(Dataset items)

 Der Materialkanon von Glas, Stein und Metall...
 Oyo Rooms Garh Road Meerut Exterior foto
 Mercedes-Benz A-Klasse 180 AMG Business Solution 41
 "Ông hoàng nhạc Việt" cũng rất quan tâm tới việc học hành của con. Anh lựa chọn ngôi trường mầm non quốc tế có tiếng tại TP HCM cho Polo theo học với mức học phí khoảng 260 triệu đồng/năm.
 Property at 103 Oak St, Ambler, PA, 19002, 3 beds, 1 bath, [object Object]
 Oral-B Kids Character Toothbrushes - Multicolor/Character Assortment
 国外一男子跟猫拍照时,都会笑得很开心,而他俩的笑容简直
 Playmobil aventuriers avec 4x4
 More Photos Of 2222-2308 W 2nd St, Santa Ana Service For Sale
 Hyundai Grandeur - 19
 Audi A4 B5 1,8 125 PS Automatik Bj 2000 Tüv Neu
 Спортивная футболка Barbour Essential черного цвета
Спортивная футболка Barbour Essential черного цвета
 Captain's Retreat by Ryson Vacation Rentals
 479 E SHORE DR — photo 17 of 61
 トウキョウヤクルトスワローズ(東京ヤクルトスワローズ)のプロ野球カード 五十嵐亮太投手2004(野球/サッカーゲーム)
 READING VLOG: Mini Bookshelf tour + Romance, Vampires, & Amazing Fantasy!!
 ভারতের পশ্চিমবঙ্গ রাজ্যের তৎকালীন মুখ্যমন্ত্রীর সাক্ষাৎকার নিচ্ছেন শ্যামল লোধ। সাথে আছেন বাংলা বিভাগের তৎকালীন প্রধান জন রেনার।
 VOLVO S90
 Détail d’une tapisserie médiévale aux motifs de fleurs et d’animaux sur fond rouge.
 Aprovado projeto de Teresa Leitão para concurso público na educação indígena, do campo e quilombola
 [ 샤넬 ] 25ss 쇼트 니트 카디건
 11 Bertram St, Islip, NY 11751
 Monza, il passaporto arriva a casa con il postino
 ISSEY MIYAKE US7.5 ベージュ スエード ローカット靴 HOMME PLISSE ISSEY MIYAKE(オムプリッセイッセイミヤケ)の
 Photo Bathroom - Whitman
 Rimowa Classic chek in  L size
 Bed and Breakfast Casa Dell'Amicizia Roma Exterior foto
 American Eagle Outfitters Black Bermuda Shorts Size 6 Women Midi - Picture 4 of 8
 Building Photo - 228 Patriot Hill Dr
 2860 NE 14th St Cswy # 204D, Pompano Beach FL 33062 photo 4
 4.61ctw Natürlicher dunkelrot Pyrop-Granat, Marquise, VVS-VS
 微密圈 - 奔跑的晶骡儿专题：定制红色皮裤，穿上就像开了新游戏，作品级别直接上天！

WHAT IS REQUIRED
The records above must be transcribed line for line, exactly.

SOLUTION FOR THIS EXERCISE
 Der Materialkanon von Glas, Stein und Metall...
 Oyo Rooms Garh Road Meerut Exterior foto
 Mercedes-Benz A-Klasse 180 AMG Business Solution 41
 "Ông hoàng nhạc Việt" cũng rất quan tâm tới việc học hành của con. Anh lựa chọn ngôi trường mầm non quốc tế có tiếng tại TP HCM cho Polo theo học với mức học phí khoảng 260 triệu đồng/năm.
 Property at 103 Oak St, Ambler, PA, 19002, 3 beds, 1 bath, [object Object]
 Oral-B Kids Character Toothbrushes - Multicolor/Character Assortment
 国外一男子跟猫拍照时,都会笑得很开心,而他俩的笑容简直
 Playmobil aventuriers avec 4x4
 More Photos Of 2222-2308 W 2nd St, Santa Ana Service For Sale
 Hyundai Grandeur - 19
 Audi A4 B5 1,8 125 PS Automatik Bj 2000 Tüv Neu
 Спортивная футболка Barbour Essential черного цвета
Спортивная футболка Barbour Essential черного цвета
 Captain's Retreat by Ryson Vacation Rentals
 479 E SHORE DR — photo 17 of 61
 トウキョウヤクルトスワローズ(東京ヤクルトスワローズ)のプロ野球カード 五十嵐亮太投手2004(野球/サッカーゲーム)
 READING VLOG: Mini Bookshelf tour + Romance, Vampires, & Amazing Fantasy!!
 ভারতের পশ্চিমবঙ্গ রাজ্যের তৎকালীন মুখ্যমন্ত্রীর সাক্ষাৎকার নিচ্ছেন শ্যামল লোধ। সাথে আছেন বাংলা বিভাগের তৎকালীন প্রধান জন রেনার।
 VOLVO S90
 Détail d’une tapisserie médiévale aux motifs de fleurs et d’animaux sur fond rouge.
 Aprovado projeto de Teresa Leitão para concurso público na educação indígena, do campo e quilombola
 [ 샤넬 ] 25ss 쇼트 니트 카디건
 11 Bertram St, Islip, NY 11751
 Monza, il passaporto arriva a casa con il postino
 ISSEY MIYAKE US7.5 ベージュ スエード ローカット靴 HOMME PLISSE ISSEY MIYAKE(オムプリッセイッセイミヤケ)の
 Photo Bathroom - Whitman
 Rimowa Classic chek in  L size
 Bed and Breakfast Casa Dell'Amicizia Roma Exterior foto
 American Eagle Outfitters Black Bermuda Shorts Size 6 Women Midi - Picture 4 of 8
 Building Photo - 228 Patriot Hill Dr
 2860 NE 14th St Cswy # 204D, Pompano Beach FL 33062 photo 4
 4.61ctw Natürlicher dunkelrot Pyrop-Granat, Marquise, VVS-VS
 微密圈 - 奔跑的晶骡儿专题：定制红色皮裤，穿上就像开了新游戏，作品级别直接上天！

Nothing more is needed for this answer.